◆ AIM OF THE TASK: Skip every picture, and output exactly the lines starting at the one with "516-4W-AB-RBD-8-NAT - Woven" and running through the last line of the material below.

◆ DATASET SECTION:
--- START ---

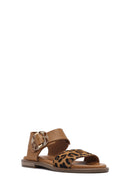 Women's Brown Buckled Leopard Patterned Leather Sandals | Derimod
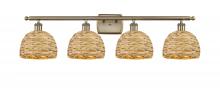  516-4W-AB-RBD-8-NAT - Woven Rattan - 4 Light - 38 inch - Antique Brass - Bath Vanity Light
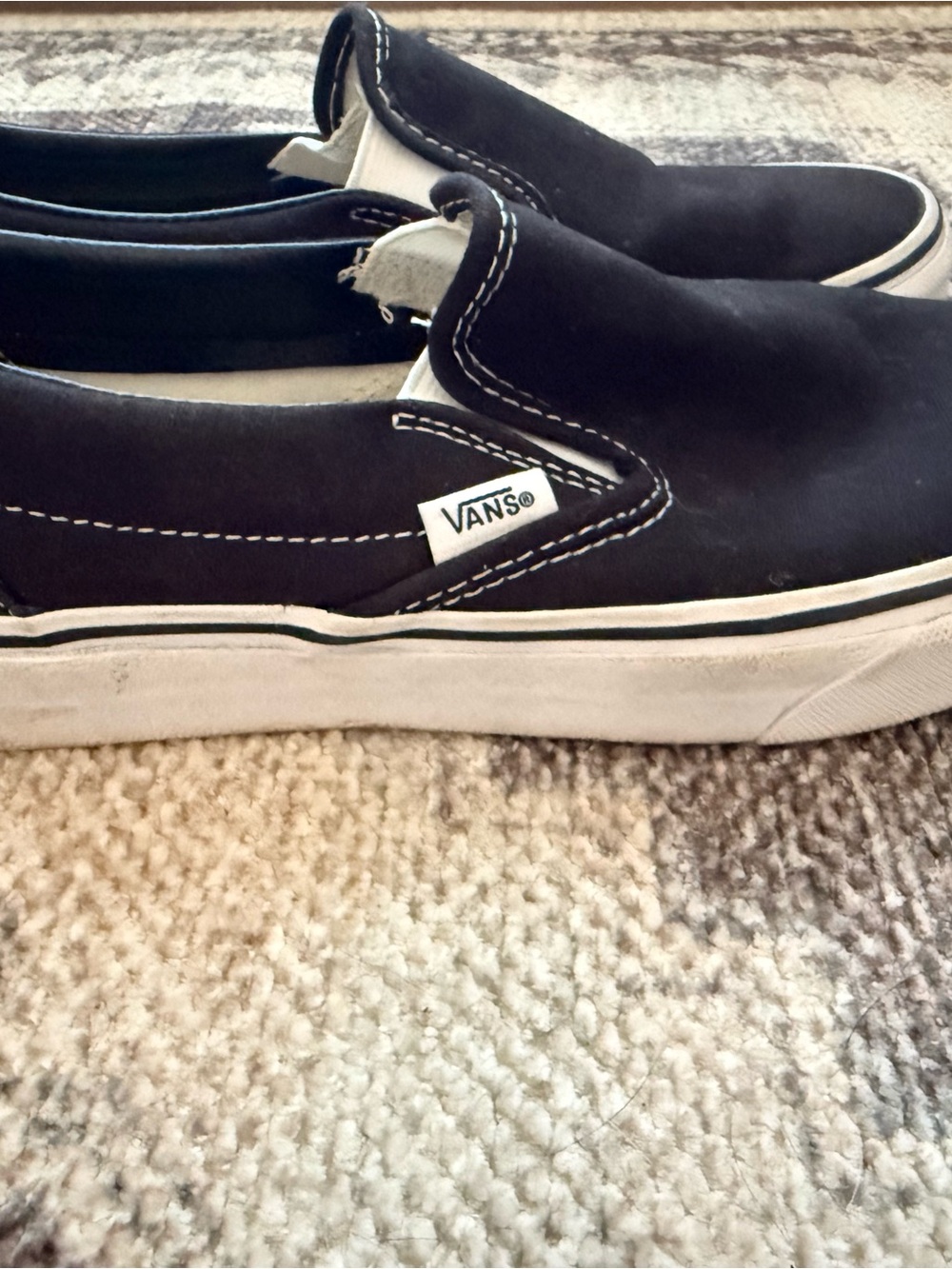 Vans Black Slip-On Low Profile Canvas Loafers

--- END ---

◆ ANSWER FOR THE TASK:
  516-4W-AB-RBD-8-NAT - Woven Rattan - 4 Light - 38 inch - Antique Brass - Bath Vanity Light
 Vans Black Slip-On Low Profile Canvas Loafers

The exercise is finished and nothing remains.